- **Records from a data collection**
--- START ---

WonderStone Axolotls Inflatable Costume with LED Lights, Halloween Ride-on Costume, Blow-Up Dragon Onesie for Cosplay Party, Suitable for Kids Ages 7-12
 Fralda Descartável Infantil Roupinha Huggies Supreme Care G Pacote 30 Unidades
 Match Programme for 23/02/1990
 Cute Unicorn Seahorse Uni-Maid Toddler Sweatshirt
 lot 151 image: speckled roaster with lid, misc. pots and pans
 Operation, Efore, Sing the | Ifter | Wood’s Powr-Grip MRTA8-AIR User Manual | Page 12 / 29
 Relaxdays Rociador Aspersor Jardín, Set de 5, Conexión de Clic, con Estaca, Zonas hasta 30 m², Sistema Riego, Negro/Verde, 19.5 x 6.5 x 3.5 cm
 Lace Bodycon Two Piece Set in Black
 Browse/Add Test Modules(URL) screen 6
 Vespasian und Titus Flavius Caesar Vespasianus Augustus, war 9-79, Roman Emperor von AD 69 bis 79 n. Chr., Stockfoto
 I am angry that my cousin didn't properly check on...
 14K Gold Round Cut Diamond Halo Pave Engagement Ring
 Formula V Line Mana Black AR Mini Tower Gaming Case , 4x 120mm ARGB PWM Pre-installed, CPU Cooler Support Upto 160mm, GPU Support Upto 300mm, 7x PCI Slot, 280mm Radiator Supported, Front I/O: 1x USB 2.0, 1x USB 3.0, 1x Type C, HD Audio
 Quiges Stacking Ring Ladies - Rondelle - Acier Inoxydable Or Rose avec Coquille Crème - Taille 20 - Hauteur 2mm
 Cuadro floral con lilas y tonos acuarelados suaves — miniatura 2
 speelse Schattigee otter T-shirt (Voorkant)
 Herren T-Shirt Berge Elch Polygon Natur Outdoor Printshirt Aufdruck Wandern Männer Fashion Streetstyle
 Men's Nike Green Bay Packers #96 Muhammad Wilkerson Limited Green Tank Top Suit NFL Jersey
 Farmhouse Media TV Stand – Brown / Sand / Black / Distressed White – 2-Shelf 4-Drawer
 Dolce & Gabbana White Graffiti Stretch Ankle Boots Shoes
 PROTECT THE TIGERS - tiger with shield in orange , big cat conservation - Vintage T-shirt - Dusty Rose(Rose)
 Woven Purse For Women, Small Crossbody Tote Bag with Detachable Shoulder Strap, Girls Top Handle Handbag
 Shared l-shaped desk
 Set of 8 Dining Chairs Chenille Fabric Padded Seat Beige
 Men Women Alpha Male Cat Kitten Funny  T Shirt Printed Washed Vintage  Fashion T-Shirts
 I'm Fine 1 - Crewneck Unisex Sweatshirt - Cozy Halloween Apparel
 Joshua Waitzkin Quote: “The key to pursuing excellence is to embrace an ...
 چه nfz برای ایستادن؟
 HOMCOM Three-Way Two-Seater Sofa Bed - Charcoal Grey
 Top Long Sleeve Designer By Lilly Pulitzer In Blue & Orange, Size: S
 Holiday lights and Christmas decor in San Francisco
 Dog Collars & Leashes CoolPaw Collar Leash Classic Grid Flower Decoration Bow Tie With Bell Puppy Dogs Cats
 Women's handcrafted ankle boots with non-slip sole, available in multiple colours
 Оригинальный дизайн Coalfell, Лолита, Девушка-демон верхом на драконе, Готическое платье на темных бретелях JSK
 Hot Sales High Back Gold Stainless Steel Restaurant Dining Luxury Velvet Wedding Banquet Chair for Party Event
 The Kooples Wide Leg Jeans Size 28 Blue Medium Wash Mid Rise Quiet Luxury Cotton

--- END ---

- **Your task**
Write the records out once more. Each line must match.

- **Answer space**
WonderStone Axolotls Inflatable Costume with LED Lights, Halloween Ride-on Costume, Blow-Up Dragon Onesie for Cosplay Party, Suitable for Kids Ages 7-12
 Fralda Descartável Infantil Roupinha Huggies Supreme Care G Pacote 30 Unidades
 Match Programme for 23/02/1990
 Cute Unicorn Seahorse Uni-Maid Toddler Sweatshirt
 lot 151 image: speckled roaster with lid, misc. pots and pans
 Operation, Efore, Sing the | Ifter | Wood’s Powr-Grip MRTA8-AIR User Manual | Page 12 / 29
 Relaxdays Rociador Aspersor Jardín, Set de 5, Conexión de Clic, con Estaca, Zonas hasta 30 m², Sistema Riego, Negro/Verde, 19.5 x 6.5 x 3.5 cm
 Lace Bodycon Two Piece Set in Black
 Browse/Add Test Modules(URL) screen 6
 Vespasian und Titus Flavius Caesar Vespasianus Augustus, war 9-79, Roman Emperor von AD 69 bis 79 n. Chr., Stockfoto
 I am angry that my cousin didn't properly check on...
 14K Gold Round Cut Diamond Halo Pave Engagement Ring
 Formula V Line Mana Black AR Mini Tower Gaming Case , 4x 120mm ARGB PWM Pre-installed, CPU Cooler Support Upto 160mm, GPU Support Upto 300mm, 7x PCI Slot, 280mm Radiator Supported, Front I/O: 1x USB 2.0, 1x USB 3.0, 1x Type C, HD Audio
 Quiges Stacking Ring Ladies - Rondelle - Acier Inoxydable Or Rose avec Coquille Crème - Taille 20 - Hauteur 2mm
 Cuadro floral con lilas y tonos acuarelados suaves — miniatura 2
 speelse Schattigee otter T-shirt (Voorkant)
 Herren T-Shirt Berge Elch Polygon Natur Outdoor Printshirt Aufdruck Wandern Männer Fashion Streetstyle
 Men's Nike Green Bay Packers #96 Muhammad Wilkerson Limited Green Tank Top Suit NFL Jersey
 Farmhouse Media TV Stand – Brown / Sand / Black / Distressed White – 2-Shelf 4-Drawer
 Dolce & Gabbana White Graffiti Stretch Ankle Boots Shoes
 PROTECT THE TIGERS - tiger with shield in orange , big cat conservation - Vintage T-shirt - Dusty Rose(Rose)
 Woven Purse For Women, Small Crossbody Tote Bag with Detachable Shoulder Strap, Girls Top Handle Handbag
 Shared l-shaped desk
 Set of 8 Dining Chairs Chenille Fabric Padded Seat Beige
 Men Women Alpha Male Cat Kitten Funny  T Shirt Printed Washed Vintage  Fashion T-Shirts
 I'm Fine 1 - Crewneck Unisex Sweatshirt - Cozy Halloween Apparel
 Joshua Waitzkin Quote: “The key to pursuing excellence is to embrace an ...
 چه nfz برای ایستادن؟
 HOMCOM Three-Way Two-Seater Sofa Bed - Charcoal Grey
 Top Long Sleeve Designer By Lilly Pulitzer In Blue & Orange, Size: S
 Holiday lights and Christmas decor in San Francisco
 Dog Collars & Leashes CoolPaw Collar Leash Classic Grid Flower Decoration Bow Tie With Bell Puppy Dogs Cats
 Women's handcrafted ankle boots with non-slip sole, available in multiple colours
 Оригинальный дизайн Coalfell, Лолита, Девушка-демон верхом на драконе, Готическое платье на темных бретелях JSK
 Hot Sales High Back Gold Stainless Steel Restaurant Dining Luxury Velvet Wedding Banquet Chair for Party Event
 The Kooples Wide Leg Jeans Size 28 Blue Medium Wash Mid Rise Quiet Luxury Cotton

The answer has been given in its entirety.